Industry:    2016-02-19

Brazil’s slumping economy and plunging currency have clean-energy companies seeking to sell wind farms to boost liquidity. “There are many wind assets on sale as we experience a moment where energy companies are recycling capital,” said Elbia Silva Gannoum, president of Brazil’s wind power association known as Abeeolica. Companies including Odebrecht SA, Renova Energia SA, Tractebel Energia SA, and RDS Energias Renovaveis Ltda have already announced they’re looking for buyers or partners. There are probably other developers that are pursuing deals and haven’t disclosed their plans, according to Helena Chung, an analyst with Bloomberg New Energy Finance in Sao Paulo. “Wind parks in Brazil are competitive and it is a good opportunity for companies that didn’t have the chance to enter in the market yet,” she said in an interview. The declining real makes assets more attractive to foreign investors. Rising Debt Brazil’s energy companies need cash. Many are swimming in debt and renewable companies are leading the pack.
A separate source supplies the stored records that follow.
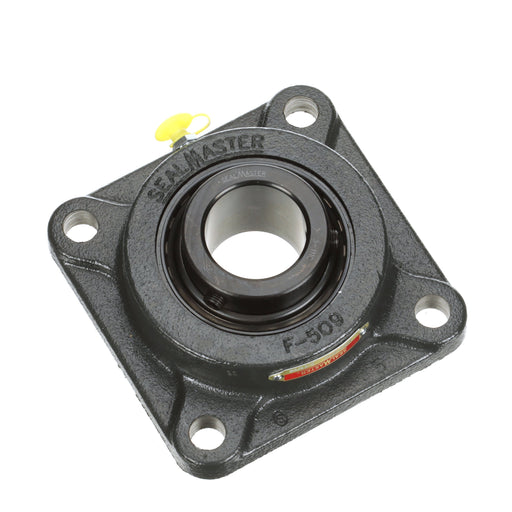 Sealmaster MSF-27C Mounted Ball Bearings, Black Oxide Bearing, 4 Bolt Flange Bearings, 1-11/16" Diameter, Cast Iron Housing, Set Screw Locking, Contact Seal, Wide Inner Race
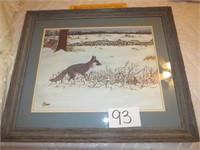 Large Framed Fox and Rabbit in the Snow By Crume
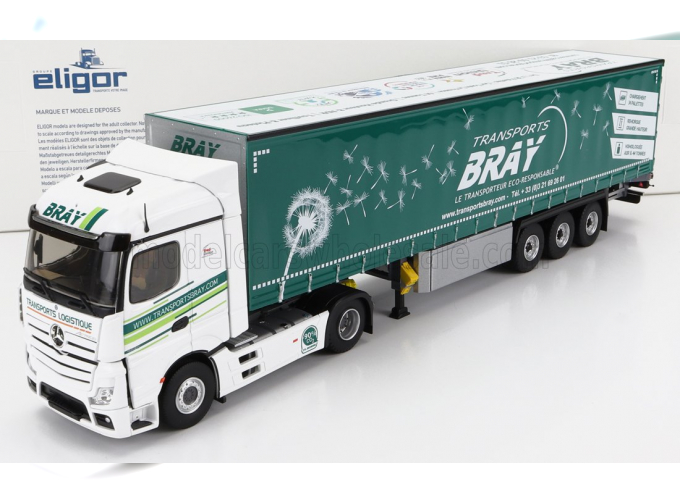 MERCEDES-BENZ ACTROS 5 TRUCK TELONATO BRAY TRANSPORTS (2020), WHITE GREEN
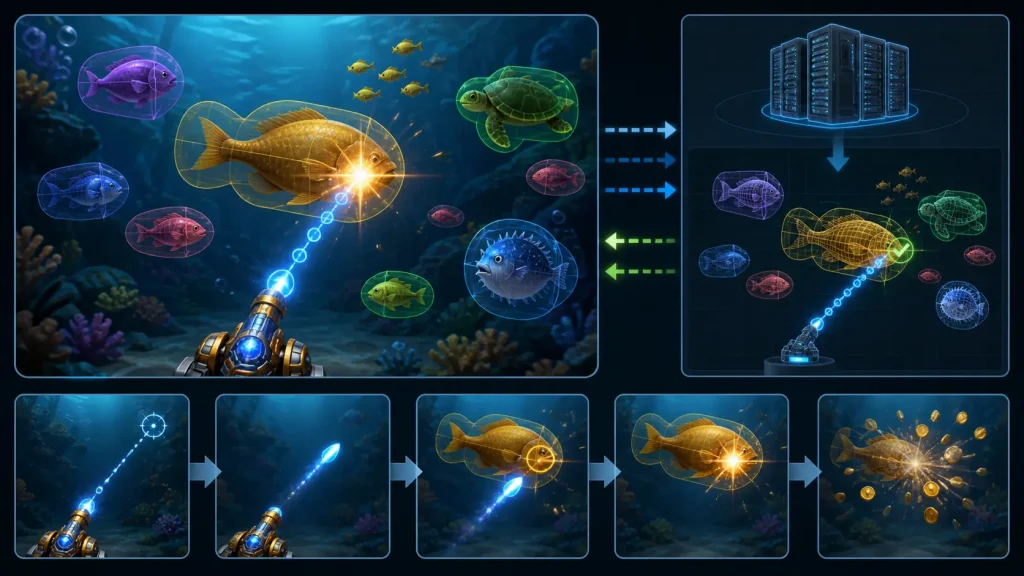 hitbox trong bắn cá: Minh họa hitbox và đường đạn trong game bắn cá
JPMorgan Chase & Co. estimates that utilities had 87.2 billion reais ($21.9 billion) of obligations at the end of the third quarter, according to a report last month. Their debt has increased in part because of Brazil’s 14.25 percent benchmark interest rate, the highest in almost a decade. “The perspectives for mergers and acquisitions in Brazil are very positive now,” said Arthur Ramos, partner at Strategy&, the strategic consulting unit of PwC. “Many energy companies in the country can’t increase their debt levels and are not able to plan new investments. So they are looking outside.” At the same time, Brazil’s wind capacity is booming, with projects adding more than 10 gigawatts in about four years, according to Abeeolica. The country has 9 gigawatts of installed wind capacity, the most in Latin America and 10th worldwide. The real is the worst-performing major currency in the past year, losing more than 40 percent of its value against the dollar. The country’s debt rating was cut deeper into junk territory Wednesday by Standard & Poor’s. Brazil first lost its investment-grade rating from S&P in September. “The rating loss cuts off many potential buyers, but there are many companies that might bet on Brazil,” Chung said.